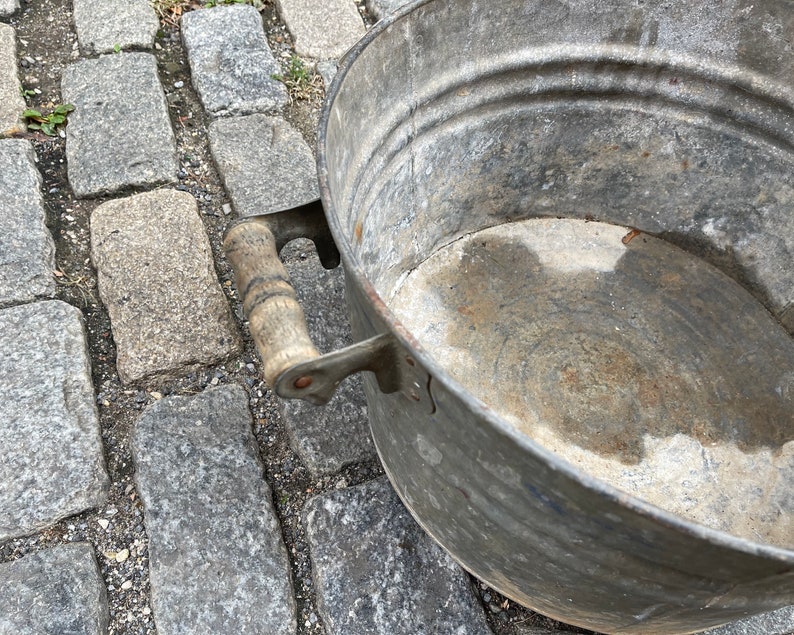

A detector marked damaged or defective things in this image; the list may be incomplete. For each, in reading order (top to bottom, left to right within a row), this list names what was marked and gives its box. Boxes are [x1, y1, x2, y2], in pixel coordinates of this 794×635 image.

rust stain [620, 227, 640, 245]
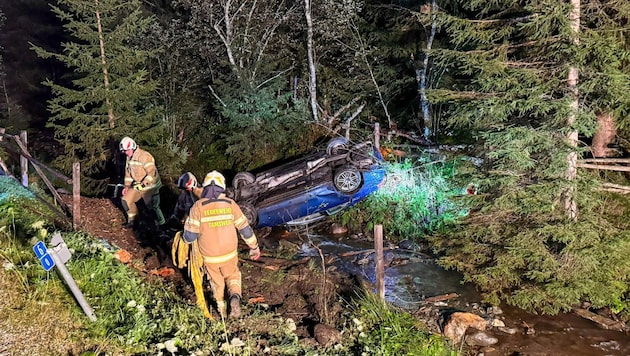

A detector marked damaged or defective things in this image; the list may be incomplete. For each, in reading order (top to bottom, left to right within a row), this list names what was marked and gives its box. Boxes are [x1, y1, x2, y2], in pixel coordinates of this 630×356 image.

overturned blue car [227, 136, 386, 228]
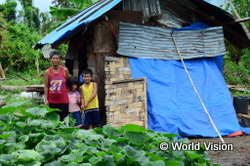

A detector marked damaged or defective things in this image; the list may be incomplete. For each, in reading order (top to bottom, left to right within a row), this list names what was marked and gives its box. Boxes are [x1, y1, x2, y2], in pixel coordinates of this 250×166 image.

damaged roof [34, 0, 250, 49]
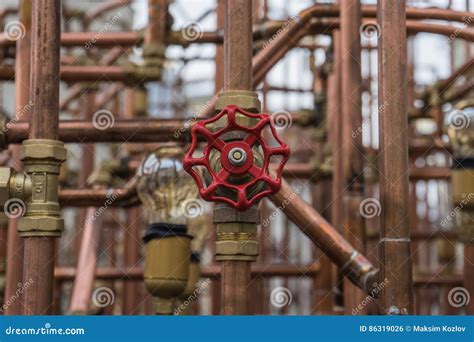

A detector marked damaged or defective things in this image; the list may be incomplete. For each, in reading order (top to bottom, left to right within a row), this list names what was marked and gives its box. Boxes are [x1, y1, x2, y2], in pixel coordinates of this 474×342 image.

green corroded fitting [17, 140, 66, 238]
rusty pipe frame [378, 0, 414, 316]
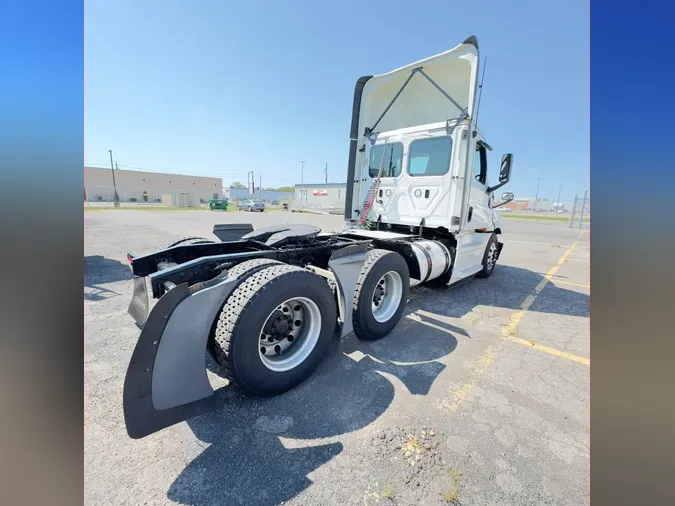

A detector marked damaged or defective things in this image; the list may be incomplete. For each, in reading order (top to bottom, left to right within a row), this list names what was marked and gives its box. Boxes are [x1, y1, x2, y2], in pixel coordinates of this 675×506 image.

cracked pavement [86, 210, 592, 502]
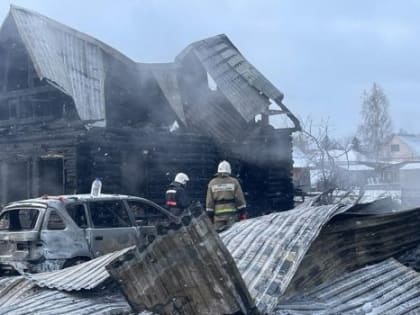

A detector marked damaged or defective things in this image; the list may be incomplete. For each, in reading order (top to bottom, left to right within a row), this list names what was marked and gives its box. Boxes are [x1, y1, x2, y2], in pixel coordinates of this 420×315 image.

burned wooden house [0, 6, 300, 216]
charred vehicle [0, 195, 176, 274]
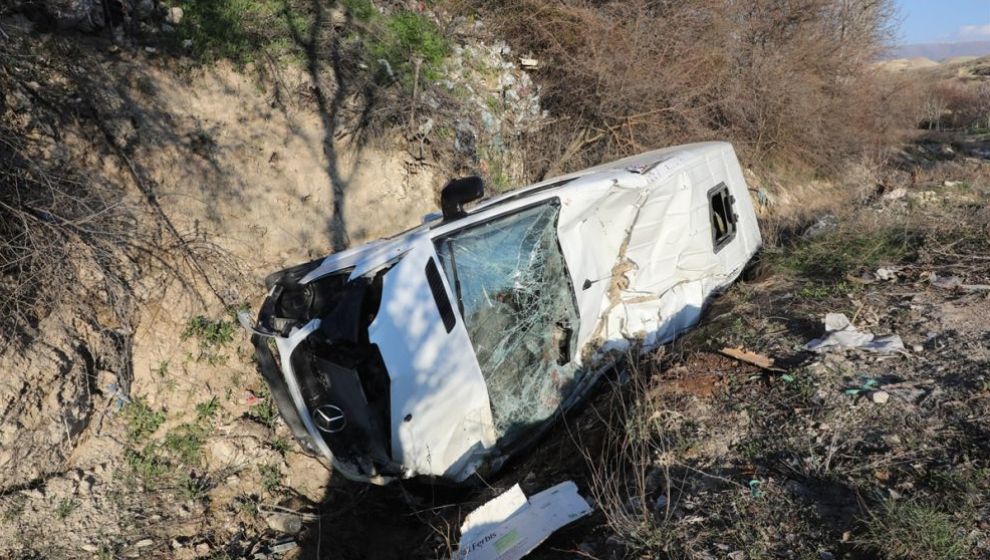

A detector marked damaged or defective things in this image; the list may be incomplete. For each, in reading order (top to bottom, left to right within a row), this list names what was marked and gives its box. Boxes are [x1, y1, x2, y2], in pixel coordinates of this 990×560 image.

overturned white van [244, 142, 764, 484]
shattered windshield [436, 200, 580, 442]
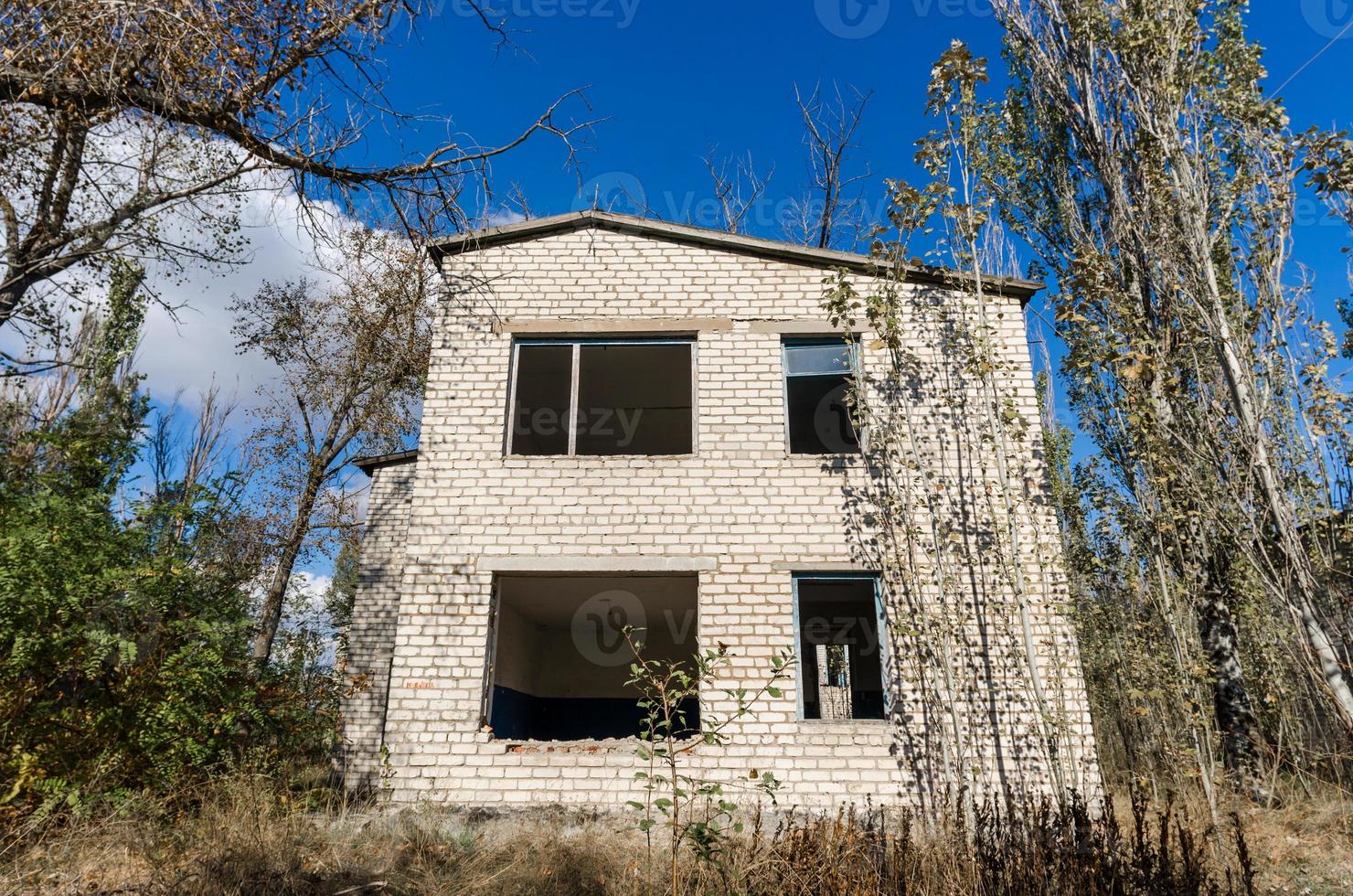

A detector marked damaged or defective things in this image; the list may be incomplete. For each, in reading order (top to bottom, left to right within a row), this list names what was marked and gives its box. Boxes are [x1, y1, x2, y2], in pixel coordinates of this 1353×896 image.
◇ ◇ ◇ ◇ ◇ ◇ ◇
→ **Task brief**
Nothing but the lines from the one holding "this 990×560 image." through the last line of the listing should appear in the answer, copied exactly and without pictures.

→ **Answer**
A detector marked damaged or defective things in this image; the list may be incomplete. For each, in reading order (top to bottom, left to right within a row), this list names what was marked and gives its box. Boxes are [x1, y1, x2, y2], in pixel coordinates of this 990×560 image.

overturned white van [244, 142, 764, 484]
shattered windshield [436, 200, 580, 442]

A detector marked damaged or defective things in this image; the list may be incomplete. For each, in reading order (top to bottom, left to right within a row), this list names what was marked and gives its box. Boxes are [x1, y1, x2, y2], in pixel coordinates of this 1353×896 image.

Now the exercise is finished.